Attention to alternative methods for creating, promoting, and discussing films can function as both a meaningful gesture of resistance and advocacy for diversity. Nonmainstream, noncommercial, low-budget independent films have long been an effective means for filmmakers marginalized by ethnicity, gender, class, and/or sexual minority groups to communicate their appeals for social criticism, historical inquisition, and aesthetic innovation. The biography and oeuvre of Emiko Omori, the Japanese American cinematographer and documentarian, embodies and exemplifies these issues. In February 2017, New York's Museum of Modern Art (MoMA) featured a retrospective of Omori's films as part of its Documentary Fortnight 2017: International Festivals of Nonfiction Films.

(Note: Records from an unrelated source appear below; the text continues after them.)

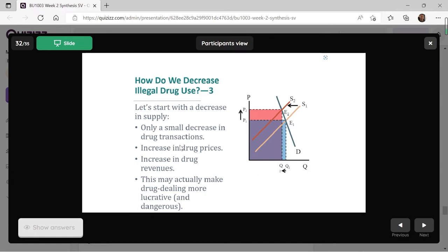In the end, we observe only a small decrease in drug transactions, an increase in drug prices, and an increase in drug revenues. Revenue is price times quantity — so it's the rectangle P2, E, Q, O. Compared with the original revenue rectangle P1, E1, Q1, O, we can see that the revenue actually increases. This might actually make drug dealing more lucrative. So this is the effect of acting on the supplier side.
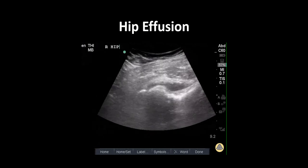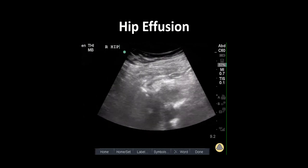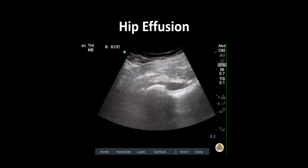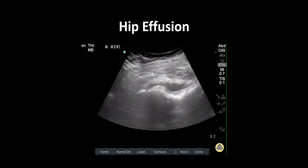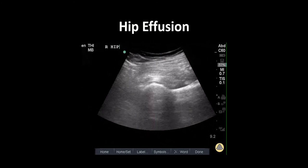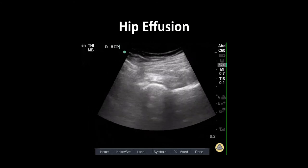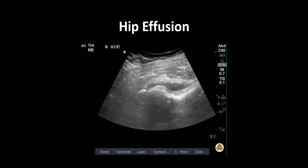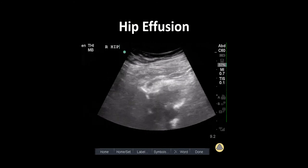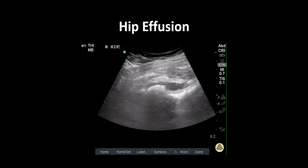This is an ultrasound clip demonstrating a hip effusion in a patient presenting to the ER with atraumatic hip pain, fever, and inability to bear weight. Initial x-ray imaging was negative.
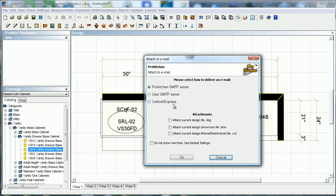And then we have Outlook Express. If you have the Pro Kitchen SMTP server selected and you click OK and go through, it's going to ask for a bunch of information. When you get to send and click send, if it comes up with a message that you're not connected to the internet, basically what that is telling you is that your internet service provider does not allow third-party or proxy servers, which is what you're doing when you're sending from the Pro Kitchen SMTP server.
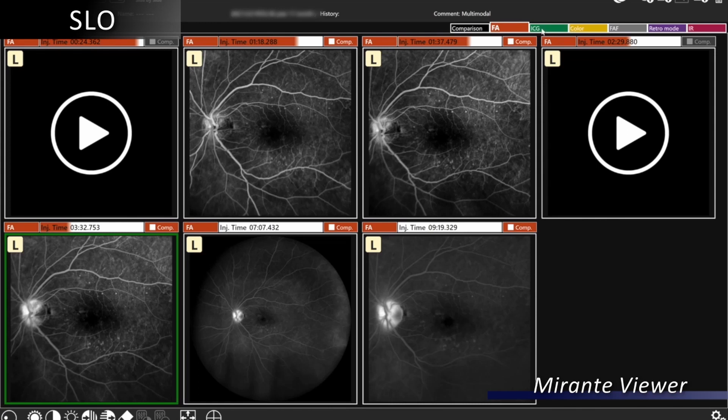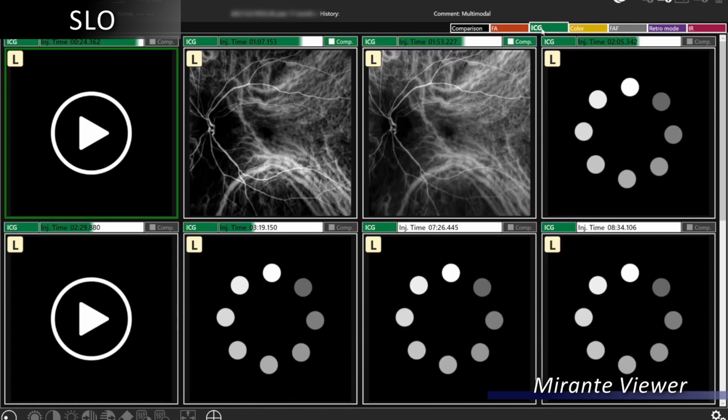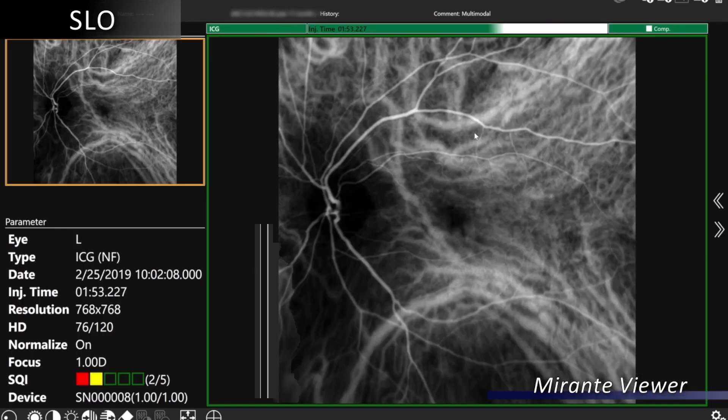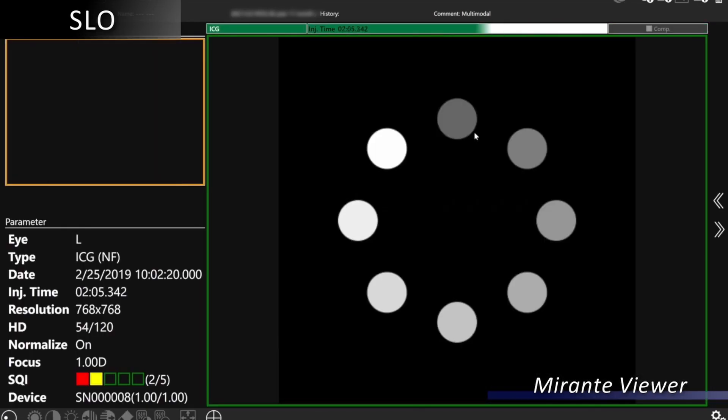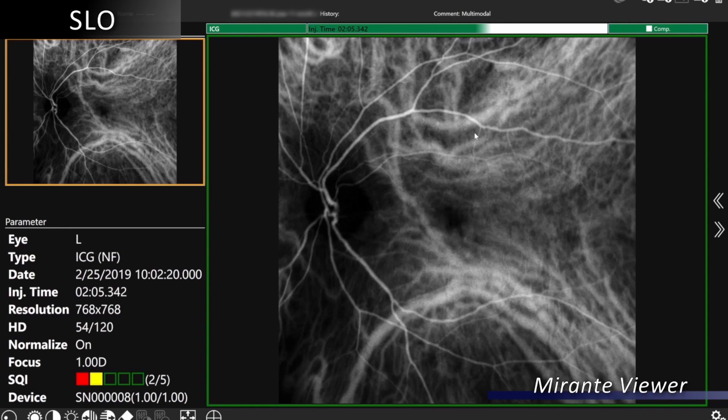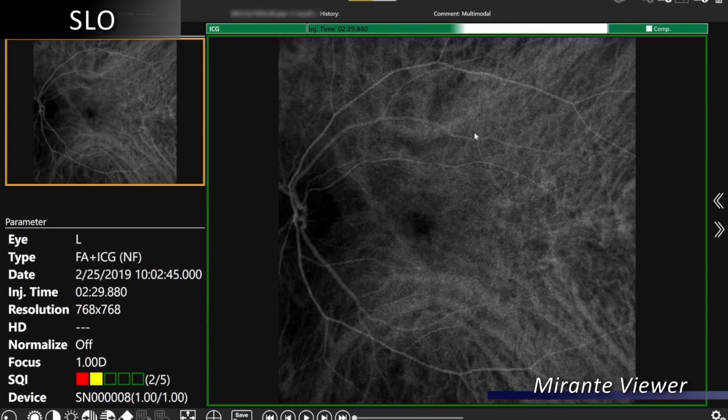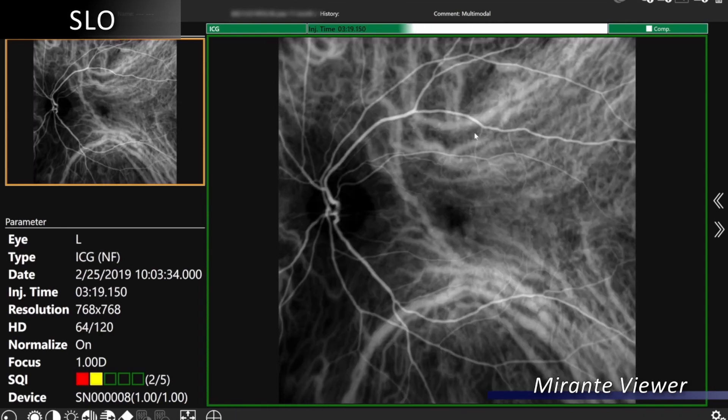On ICG, we can also do the same with static imaging and look at early phases, mid phases, and late phases.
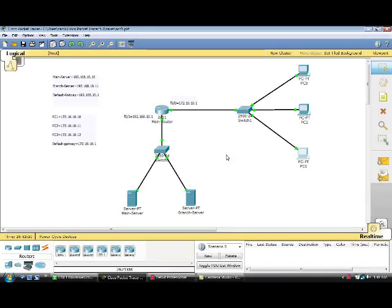Welcome to this video tutorial. In this video, I am going to show you how to configure an extended access list using Cisco Packet Tracer.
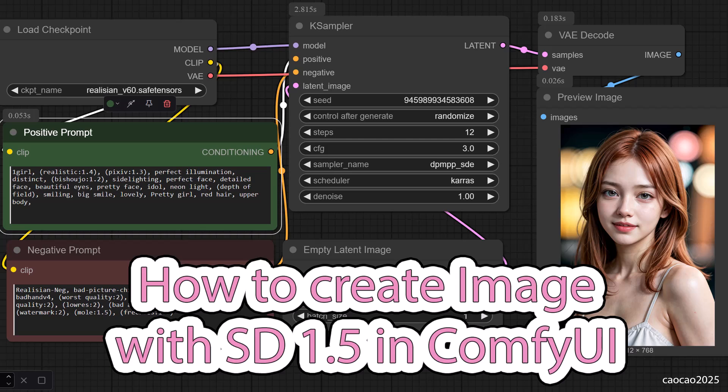Hey everyone and welcome back to the channel. Today we're going back to basics. I am going to show you how to create your first image using Stable Diffusion 1.5 right here in ComfyUI.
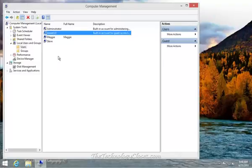We've now renamed it to something other than Guest, which prevents malware—software that follows a certain script—from finding it. If malware looks for the word Guest, it won't find Guest123. And even if it did, it would have to get through the password.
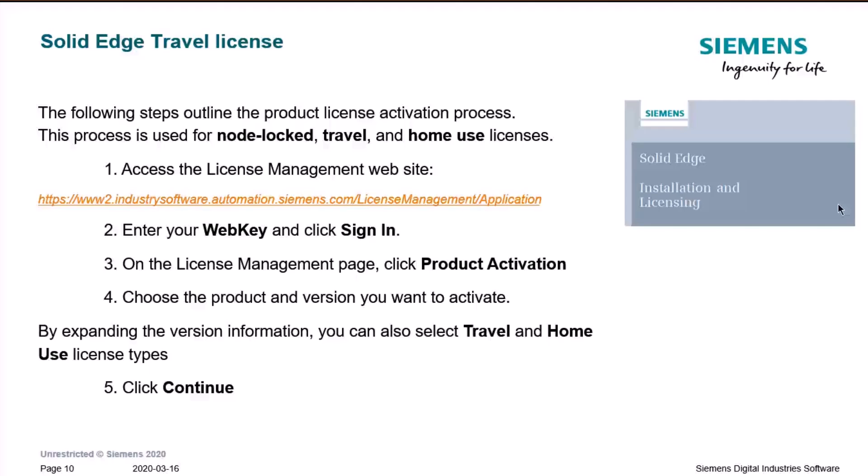On the license management page, click Product Activation and choose the product and version you want to activate, since the company might use different add-ons and product types. By expanding the version information, you can select which type of license you want — in this case, select Travel License and click Continue.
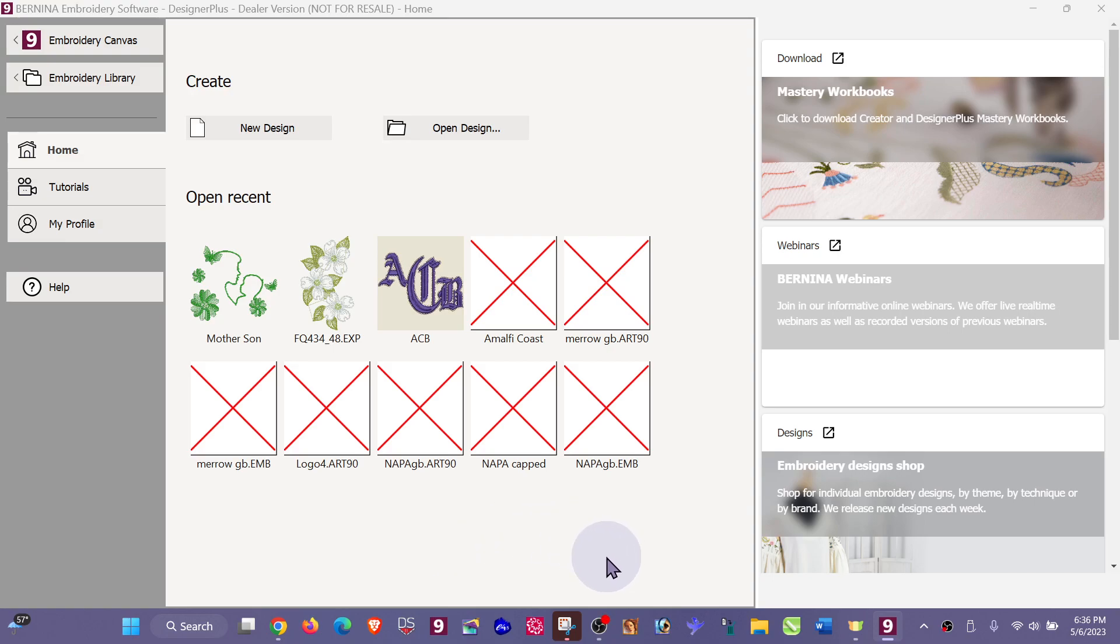Today I want to remind you of a feature that we have in Bernina embroidery software. I happen to be working in version 9, but you'll find the same feature I believe in 8 and possibly 7 and earlier.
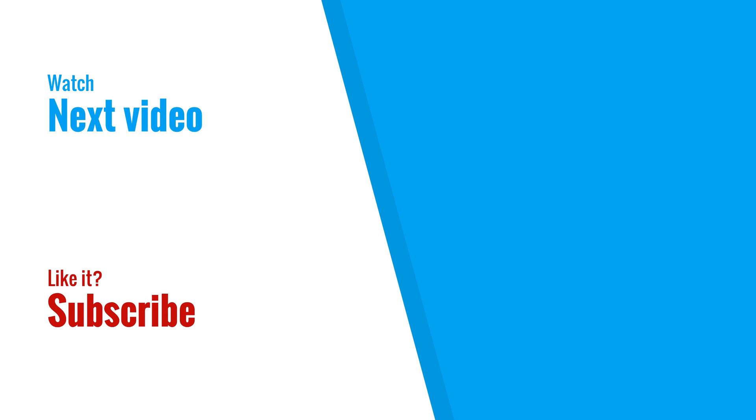So that was it for this video. In the next video, I'm going to show you all the different types that exist in TypeScript and how to use them. I'll cover types like string and number, but also arrays and functions. If you like this video, make sure to subscribe to my channel. It helps me out a lot. Thank you very much and I'll see you in the next one.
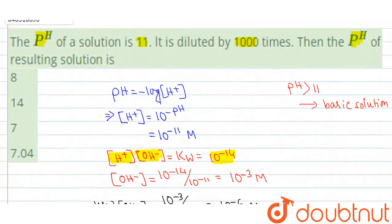Out of the given alternatives, the correct answer will be the first one: 8. Thank you.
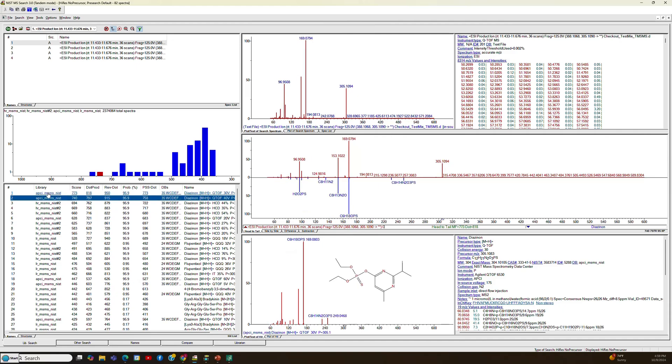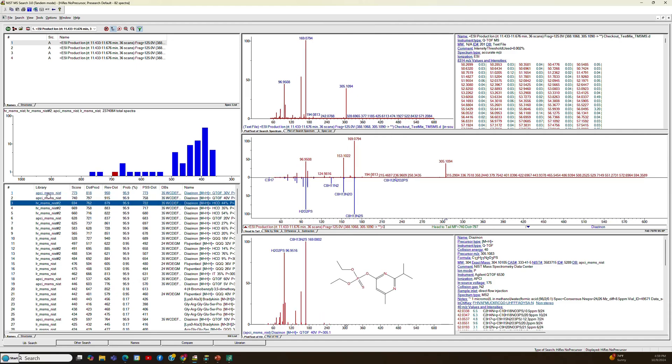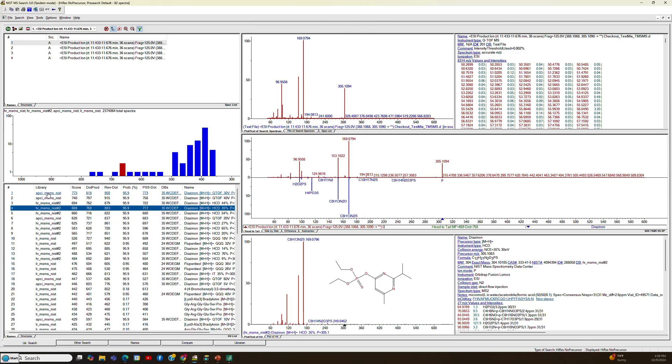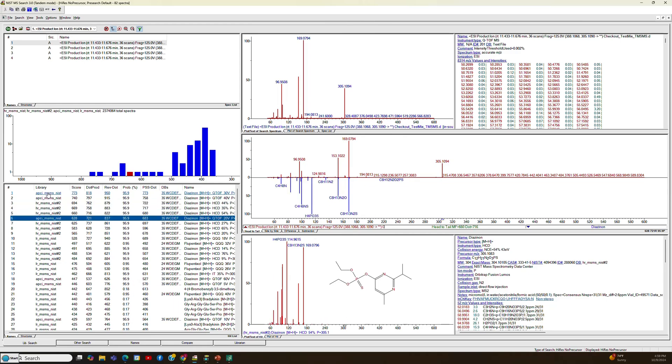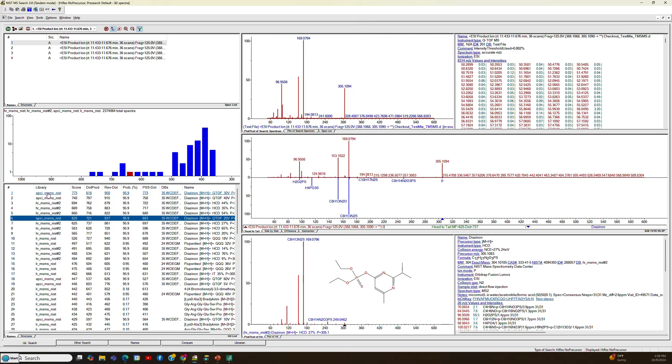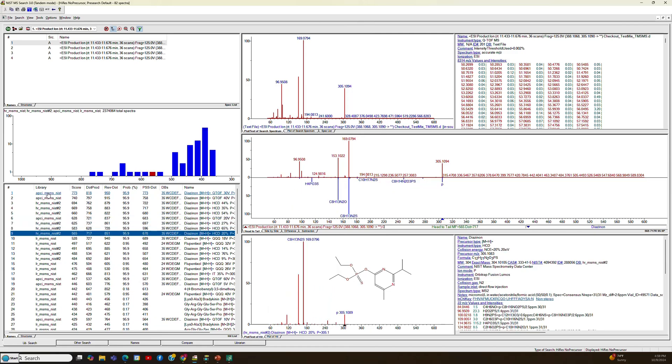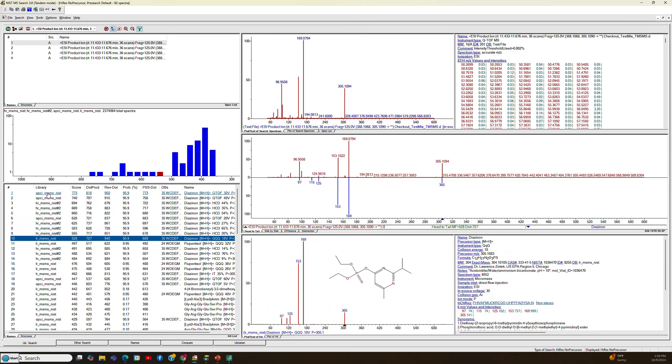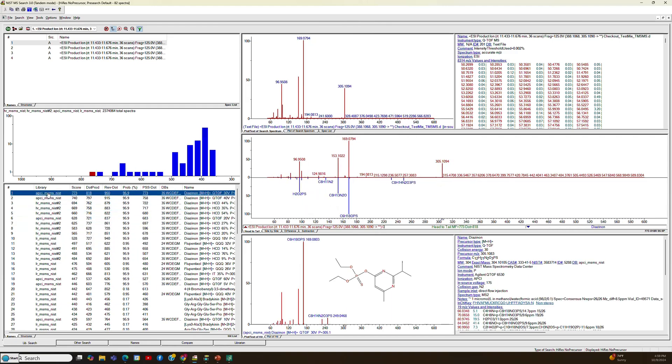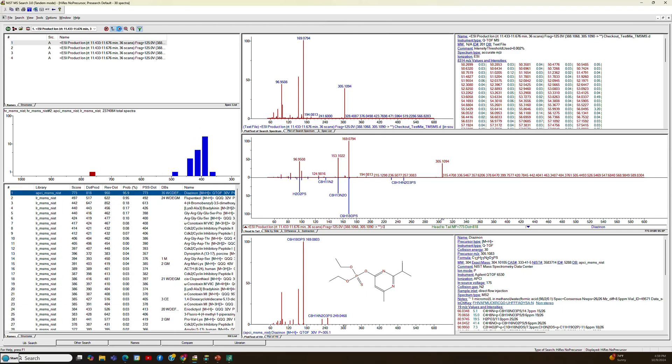But you can see it's the same compound over and over again, actually, from different libraries, different spectra, different energies. I think there's a bunch of them. So if you wanted to just see different compounds, then you have to go up to the top and say, Best Matching Only. What that does is it gets rid of things with the same CAS number. So when you step through them, you won't have as many duplicates to look at.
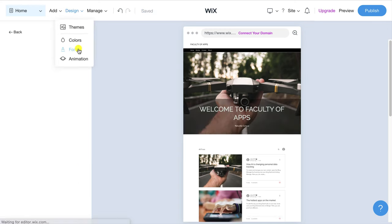So that completes our tutorial, visit the website for lots more tips on Wix and all your favorite applications and if you found this video useful I'd appreciate you give me a like and hit subscribe for lots more free tutorials like this one. Until next time thank you very much for watching.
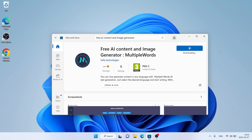It's downloading. Downloading finished. Installation complete. Click Open.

MoMA screened Omori's four feature documentaries–Rabbit in the Moon (1999), Passion & Power: The Technology of Orgasm (2007, Omori and Wendy Slick), Ed Hardy: Tattoo the World (2010), and To Chris Marker, An Unsent Letter (2012)—as well as a new short film, When Rabbit Left the Moon (2017). These films demonstrate distinct social, historical, cultural, and thematic ramifications with an aesthetic consistency and a subtle, local focus on the San Francisco Bay Area. Best known to West Coast audiences, Omori embraced the opportunity to introduce her works to an East Coast audience by engaging in post-screening dialogues with viewers and including several people who had appeared in her films, thus transcending local contexts and creating new translocal ones.